# RECORD EXCERPTS:
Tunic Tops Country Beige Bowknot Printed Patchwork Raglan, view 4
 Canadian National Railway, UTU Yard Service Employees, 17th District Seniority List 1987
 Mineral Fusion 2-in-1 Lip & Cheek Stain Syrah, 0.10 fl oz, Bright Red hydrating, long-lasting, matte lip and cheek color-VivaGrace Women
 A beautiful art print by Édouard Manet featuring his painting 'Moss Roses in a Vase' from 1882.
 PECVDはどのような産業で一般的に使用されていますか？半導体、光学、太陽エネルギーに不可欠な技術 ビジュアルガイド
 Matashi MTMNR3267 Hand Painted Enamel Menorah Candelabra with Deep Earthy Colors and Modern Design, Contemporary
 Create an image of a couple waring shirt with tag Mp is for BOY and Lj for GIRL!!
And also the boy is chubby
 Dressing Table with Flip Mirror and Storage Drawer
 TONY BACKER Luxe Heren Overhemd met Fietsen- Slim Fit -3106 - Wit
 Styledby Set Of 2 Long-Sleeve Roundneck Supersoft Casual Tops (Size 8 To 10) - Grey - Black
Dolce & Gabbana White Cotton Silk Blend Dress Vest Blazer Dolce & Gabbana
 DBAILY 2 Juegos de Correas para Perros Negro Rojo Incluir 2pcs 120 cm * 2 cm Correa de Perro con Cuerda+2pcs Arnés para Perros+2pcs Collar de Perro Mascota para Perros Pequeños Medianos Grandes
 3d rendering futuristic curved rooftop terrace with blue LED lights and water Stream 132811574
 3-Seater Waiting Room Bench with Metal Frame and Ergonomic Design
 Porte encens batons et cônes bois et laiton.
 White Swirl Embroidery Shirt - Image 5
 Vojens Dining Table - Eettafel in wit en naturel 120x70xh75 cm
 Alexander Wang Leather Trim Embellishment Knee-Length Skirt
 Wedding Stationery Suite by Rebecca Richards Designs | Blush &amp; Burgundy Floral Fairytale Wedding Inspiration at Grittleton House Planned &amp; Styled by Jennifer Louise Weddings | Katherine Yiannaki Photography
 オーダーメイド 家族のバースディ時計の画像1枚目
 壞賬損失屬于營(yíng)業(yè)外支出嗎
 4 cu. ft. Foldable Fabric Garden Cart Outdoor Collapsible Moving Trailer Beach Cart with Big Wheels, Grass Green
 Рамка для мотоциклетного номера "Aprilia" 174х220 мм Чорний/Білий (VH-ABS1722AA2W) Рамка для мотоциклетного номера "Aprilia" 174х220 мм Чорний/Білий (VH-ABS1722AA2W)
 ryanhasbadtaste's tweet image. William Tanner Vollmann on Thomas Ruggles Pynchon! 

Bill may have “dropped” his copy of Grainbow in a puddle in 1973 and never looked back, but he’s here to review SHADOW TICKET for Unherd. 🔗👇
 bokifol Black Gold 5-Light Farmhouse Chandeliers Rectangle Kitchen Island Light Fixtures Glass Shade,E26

# EXERCISE GOAL:
Please give an exact copy of the lines above, beginning with the line containing "Чорний/Білий (VH-ABS1722AA2W) Рамка" and running through the line containing "Bill may have", and of no other lines.

# RESULT BELOW:
 Рамка для мотоциклетного номера "Aprilia" 174х220 мм Чорний/Білий (VH-ABS1722AA2W) Рамка для мотоциклетного номера "Aprilia" 174х220 мм Чорний/Білий (VH-ABS1722AA2W)
 ryanhasbadtaste's tweet image. William Tanner Vollmann on Thomas Ruggles Pynchon! 

Bill may have “dropped” his copy of Grainbow in a puddle in 1973 and never looked back, but he’s here to review SHADOW TICKET for Unherd. 🔗👇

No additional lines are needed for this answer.